TASK
Quote the entries below from the line with "Their customer service" through the line with "Finite makes playing", both ends included, and only those lines.

SOURCE DATA
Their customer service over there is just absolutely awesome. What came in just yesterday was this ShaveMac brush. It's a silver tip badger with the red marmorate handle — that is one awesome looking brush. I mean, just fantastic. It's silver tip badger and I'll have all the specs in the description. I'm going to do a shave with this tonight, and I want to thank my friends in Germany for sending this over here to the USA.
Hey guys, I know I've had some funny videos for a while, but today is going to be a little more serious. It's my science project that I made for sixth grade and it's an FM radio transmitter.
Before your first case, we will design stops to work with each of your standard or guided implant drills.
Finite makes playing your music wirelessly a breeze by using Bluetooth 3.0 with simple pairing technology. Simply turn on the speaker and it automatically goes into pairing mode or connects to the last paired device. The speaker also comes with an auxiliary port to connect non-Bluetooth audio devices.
--
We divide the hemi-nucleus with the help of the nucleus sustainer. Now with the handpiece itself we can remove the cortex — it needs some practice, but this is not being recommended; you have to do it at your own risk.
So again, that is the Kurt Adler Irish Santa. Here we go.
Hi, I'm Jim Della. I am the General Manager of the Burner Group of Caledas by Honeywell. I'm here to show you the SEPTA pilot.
---
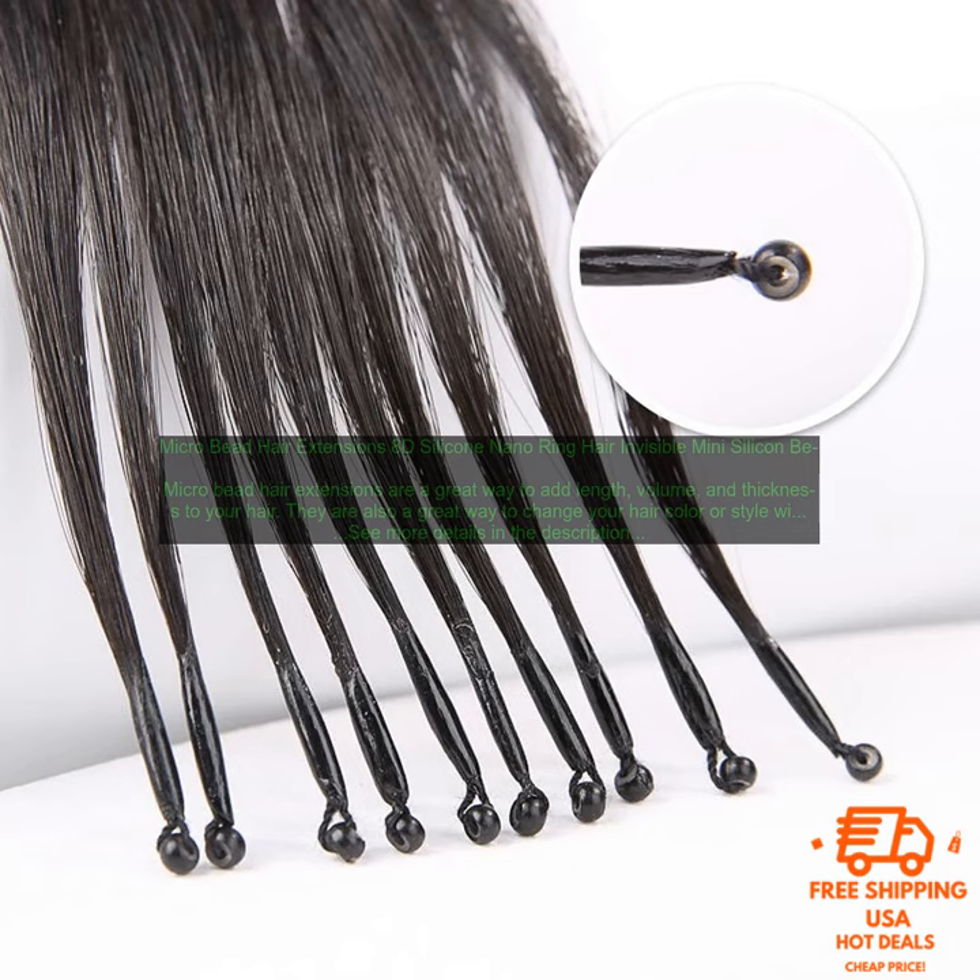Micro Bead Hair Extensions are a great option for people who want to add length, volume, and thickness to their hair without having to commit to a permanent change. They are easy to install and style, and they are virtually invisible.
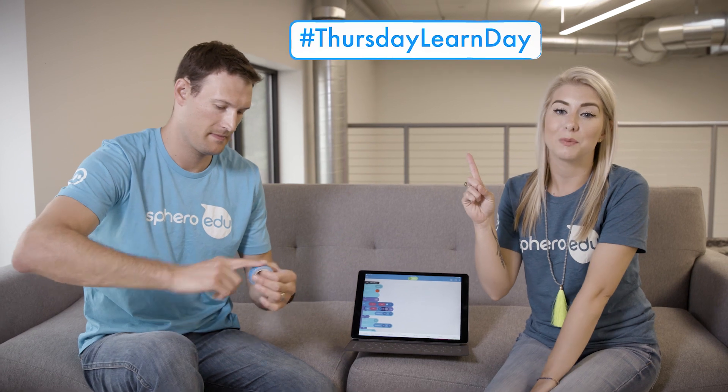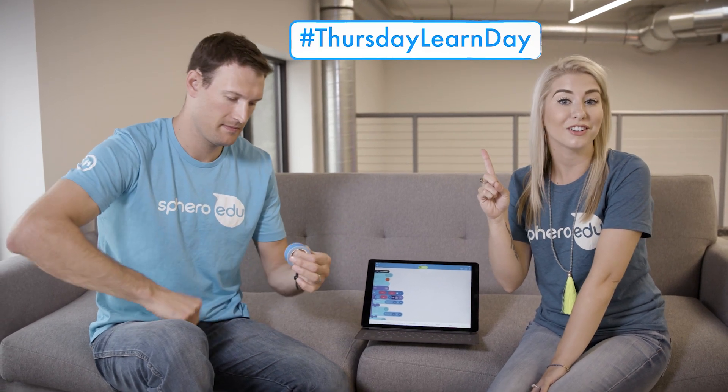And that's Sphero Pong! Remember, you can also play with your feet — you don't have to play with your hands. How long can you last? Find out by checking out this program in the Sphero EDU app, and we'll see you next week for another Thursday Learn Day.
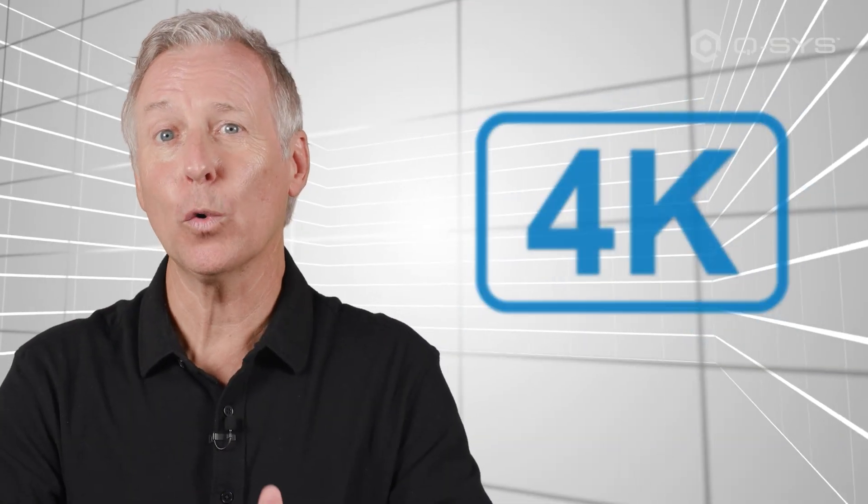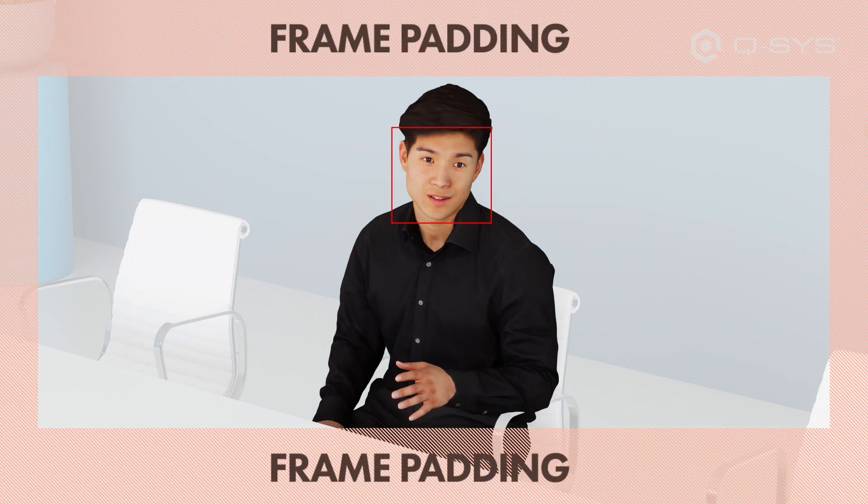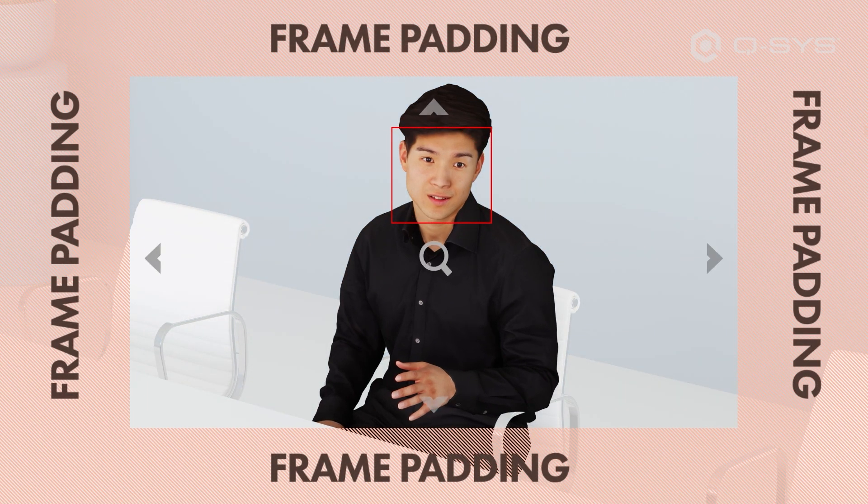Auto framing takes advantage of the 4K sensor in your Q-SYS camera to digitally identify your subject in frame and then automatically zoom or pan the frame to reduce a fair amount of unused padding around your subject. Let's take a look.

TASK RESPONSE
Their customer service over there is just absolutely awesome. What came in just yesterday was this ShaveMac brush. It's a silver tip badger with the red marmorate handle — that is one awesome looking brush. I mean, just fantastic. It's silver tip badger and I'll have all the specs in the description. I'm going to do a shave with this tonight, and I want to thank my friends in Germany for sending this over here to the USA.
Hey guys, I know I've had some funny videos for a while, but today is going to be a little more serious. It's my science project that I made for sixth grade and it's an FM radio transmitter.
Before your first case, we will design stops to work with each of your standard or guided implant drills.
Finite makes playing your music wirelessly a breeze by using Bluetooth 3.0 with simple pairing technology. Simply turn on the speaker and it automatically goes into pairing mode or connects to the last paired device. The speaker also comes with an auxiliary port to connect non-Bluetooth audio devices.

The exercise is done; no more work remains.